#### Exercise input

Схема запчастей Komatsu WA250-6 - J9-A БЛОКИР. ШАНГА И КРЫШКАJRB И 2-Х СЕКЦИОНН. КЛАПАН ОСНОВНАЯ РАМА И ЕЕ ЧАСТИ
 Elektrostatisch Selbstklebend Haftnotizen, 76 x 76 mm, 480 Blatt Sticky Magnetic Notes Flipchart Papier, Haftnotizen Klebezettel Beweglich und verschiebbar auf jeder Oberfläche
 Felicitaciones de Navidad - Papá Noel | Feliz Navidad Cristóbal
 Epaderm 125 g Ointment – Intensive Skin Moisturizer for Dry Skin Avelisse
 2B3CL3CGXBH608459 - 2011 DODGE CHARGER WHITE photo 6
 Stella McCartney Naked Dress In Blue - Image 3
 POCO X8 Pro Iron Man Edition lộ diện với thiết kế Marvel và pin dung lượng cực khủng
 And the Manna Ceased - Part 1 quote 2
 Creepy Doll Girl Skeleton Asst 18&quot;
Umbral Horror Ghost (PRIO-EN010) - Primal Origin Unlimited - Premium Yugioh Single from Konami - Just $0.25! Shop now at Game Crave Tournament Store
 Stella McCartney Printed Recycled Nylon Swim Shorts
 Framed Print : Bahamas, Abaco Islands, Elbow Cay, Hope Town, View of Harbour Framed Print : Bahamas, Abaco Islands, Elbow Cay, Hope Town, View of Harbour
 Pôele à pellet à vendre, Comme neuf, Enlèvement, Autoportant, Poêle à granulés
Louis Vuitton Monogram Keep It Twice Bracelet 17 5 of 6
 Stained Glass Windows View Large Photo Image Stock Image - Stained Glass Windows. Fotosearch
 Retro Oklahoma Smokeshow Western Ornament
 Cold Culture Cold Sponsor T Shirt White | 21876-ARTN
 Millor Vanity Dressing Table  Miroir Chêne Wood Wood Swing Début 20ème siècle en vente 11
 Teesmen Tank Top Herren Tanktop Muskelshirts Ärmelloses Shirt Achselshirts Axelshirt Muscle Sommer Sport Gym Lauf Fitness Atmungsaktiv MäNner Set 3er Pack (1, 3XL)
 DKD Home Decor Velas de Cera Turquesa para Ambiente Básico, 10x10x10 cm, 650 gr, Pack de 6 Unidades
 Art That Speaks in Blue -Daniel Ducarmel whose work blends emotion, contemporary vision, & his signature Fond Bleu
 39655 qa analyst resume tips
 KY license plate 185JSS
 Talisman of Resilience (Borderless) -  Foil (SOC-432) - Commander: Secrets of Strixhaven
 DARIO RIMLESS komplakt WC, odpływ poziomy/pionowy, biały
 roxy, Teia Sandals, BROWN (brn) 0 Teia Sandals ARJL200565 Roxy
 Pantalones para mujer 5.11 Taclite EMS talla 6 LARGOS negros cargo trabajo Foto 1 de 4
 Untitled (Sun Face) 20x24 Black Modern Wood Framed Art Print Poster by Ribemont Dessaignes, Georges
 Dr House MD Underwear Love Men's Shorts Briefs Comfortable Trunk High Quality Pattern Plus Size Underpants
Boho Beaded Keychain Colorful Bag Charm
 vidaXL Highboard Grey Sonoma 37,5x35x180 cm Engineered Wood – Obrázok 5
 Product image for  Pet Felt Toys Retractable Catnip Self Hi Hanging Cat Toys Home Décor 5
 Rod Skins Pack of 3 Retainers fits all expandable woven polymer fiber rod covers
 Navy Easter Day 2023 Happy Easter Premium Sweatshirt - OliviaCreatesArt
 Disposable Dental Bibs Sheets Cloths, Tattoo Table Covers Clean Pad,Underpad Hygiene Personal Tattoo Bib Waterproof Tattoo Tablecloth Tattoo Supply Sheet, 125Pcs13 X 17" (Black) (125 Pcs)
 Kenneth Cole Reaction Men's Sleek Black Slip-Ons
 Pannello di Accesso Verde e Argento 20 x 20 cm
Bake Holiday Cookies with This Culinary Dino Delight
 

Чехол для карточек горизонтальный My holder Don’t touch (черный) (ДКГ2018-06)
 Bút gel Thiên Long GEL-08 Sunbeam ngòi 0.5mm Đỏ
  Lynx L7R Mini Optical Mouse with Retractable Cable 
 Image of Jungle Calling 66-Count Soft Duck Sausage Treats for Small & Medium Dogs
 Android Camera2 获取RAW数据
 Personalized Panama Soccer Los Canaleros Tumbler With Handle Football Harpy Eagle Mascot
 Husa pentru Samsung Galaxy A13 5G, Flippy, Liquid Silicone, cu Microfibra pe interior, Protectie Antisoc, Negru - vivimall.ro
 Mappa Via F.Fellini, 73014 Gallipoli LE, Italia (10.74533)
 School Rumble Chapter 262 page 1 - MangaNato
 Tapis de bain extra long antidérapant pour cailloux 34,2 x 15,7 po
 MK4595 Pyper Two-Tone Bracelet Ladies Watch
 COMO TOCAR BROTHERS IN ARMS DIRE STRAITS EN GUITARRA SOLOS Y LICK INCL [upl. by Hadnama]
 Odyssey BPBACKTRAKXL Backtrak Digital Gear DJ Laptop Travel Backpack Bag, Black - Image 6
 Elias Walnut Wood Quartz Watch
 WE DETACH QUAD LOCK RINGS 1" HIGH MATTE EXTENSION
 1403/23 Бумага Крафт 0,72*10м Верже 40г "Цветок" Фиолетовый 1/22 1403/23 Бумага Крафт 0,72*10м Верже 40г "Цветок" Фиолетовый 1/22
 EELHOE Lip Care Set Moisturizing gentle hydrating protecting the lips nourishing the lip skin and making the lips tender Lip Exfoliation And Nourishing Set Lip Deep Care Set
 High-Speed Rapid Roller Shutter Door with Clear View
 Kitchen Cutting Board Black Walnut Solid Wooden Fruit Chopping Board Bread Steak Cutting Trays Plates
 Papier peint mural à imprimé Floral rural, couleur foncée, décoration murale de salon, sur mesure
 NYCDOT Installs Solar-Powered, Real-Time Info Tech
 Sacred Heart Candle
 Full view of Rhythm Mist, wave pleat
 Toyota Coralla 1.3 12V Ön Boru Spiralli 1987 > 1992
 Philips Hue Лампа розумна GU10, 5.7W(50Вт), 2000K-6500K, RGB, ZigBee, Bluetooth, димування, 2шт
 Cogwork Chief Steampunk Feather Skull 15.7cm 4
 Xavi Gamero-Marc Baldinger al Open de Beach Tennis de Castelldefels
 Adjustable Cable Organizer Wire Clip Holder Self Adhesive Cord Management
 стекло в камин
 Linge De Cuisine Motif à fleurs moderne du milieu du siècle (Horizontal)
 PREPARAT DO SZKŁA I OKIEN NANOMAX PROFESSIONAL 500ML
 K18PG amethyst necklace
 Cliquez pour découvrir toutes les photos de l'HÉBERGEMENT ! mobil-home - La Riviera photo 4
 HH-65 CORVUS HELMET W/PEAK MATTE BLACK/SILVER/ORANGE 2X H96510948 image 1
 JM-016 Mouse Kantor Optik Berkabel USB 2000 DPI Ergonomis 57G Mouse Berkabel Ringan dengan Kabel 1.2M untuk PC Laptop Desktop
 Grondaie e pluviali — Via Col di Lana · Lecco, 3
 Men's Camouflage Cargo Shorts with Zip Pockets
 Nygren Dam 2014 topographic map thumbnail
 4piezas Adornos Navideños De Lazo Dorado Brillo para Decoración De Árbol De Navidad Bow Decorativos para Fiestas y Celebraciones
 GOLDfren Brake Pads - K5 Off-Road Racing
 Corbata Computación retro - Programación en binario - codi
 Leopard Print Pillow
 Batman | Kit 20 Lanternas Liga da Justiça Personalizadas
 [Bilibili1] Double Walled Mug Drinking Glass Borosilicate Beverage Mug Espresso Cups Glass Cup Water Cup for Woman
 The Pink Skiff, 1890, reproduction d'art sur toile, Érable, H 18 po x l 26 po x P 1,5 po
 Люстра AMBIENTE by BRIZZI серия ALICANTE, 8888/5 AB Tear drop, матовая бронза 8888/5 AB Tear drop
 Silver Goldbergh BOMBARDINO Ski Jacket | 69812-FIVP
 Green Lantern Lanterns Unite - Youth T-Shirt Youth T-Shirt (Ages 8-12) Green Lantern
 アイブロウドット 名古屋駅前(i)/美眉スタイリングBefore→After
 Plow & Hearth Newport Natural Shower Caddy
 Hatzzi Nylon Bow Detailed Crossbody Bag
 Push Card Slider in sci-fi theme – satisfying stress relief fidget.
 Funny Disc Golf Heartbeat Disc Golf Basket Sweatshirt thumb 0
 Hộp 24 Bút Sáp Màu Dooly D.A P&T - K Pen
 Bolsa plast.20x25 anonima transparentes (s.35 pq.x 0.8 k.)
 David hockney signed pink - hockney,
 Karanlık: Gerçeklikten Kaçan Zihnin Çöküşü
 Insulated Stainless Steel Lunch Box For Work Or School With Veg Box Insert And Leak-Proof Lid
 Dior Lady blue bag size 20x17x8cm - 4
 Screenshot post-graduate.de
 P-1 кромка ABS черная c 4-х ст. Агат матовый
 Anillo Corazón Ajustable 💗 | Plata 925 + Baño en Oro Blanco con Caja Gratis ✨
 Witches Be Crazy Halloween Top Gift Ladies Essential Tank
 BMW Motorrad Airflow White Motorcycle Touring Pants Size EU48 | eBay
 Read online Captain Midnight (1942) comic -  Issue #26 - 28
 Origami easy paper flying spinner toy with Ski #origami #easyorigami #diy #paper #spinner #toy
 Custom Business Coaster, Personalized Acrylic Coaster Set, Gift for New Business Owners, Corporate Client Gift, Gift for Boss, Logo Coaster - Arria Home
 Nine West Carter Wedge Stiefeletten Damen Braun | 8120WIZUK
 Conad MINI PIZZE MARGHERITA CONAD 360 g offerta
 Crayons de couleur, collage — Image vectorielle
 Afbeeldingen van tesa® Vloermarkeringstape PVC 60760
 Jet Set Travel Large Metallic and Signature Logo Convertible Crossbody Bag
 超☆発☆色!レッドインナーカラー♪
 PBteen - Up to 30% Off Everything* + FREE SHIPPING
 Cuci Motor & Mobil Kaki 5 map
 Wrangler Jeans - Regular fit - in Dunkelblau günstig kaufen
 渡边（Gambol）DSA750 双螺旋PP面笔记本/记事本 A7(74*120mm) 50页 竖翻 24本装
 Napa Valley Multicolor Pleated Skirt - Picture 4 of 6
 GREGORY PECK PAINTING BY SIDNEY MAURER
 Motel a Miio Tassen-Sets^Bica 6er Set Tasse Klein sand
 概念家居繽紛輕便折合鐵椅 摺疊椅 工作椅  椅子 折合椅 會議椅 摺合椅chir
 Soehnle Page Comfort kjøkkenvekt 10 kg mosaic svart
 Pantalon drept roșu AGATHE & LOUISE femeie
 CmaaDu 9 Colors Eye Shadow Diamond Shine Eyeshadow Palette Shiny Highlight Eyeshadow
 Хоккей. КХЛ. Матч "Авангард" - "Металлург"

########

**What you are asked to do**
Start with the line above that contains "Stained Glass Windows View" and end with the line that contains "Millor Vanity Dressing". Write out those lines exactly, and only those.

**Result of this task**
 Stained Glass Windows View Large Photo Image Stock Image - Stained Glass Windows. Fotosearch
 Retro Oklahoma Smokeshow Western Ornament
 Cold Culture Cold Sponsor T Shirt White | 21876-ARTN
 Millor Vanity Dressing Table  Miroir Chêne Wood Wood Swing Début 20ème siècle en vente 11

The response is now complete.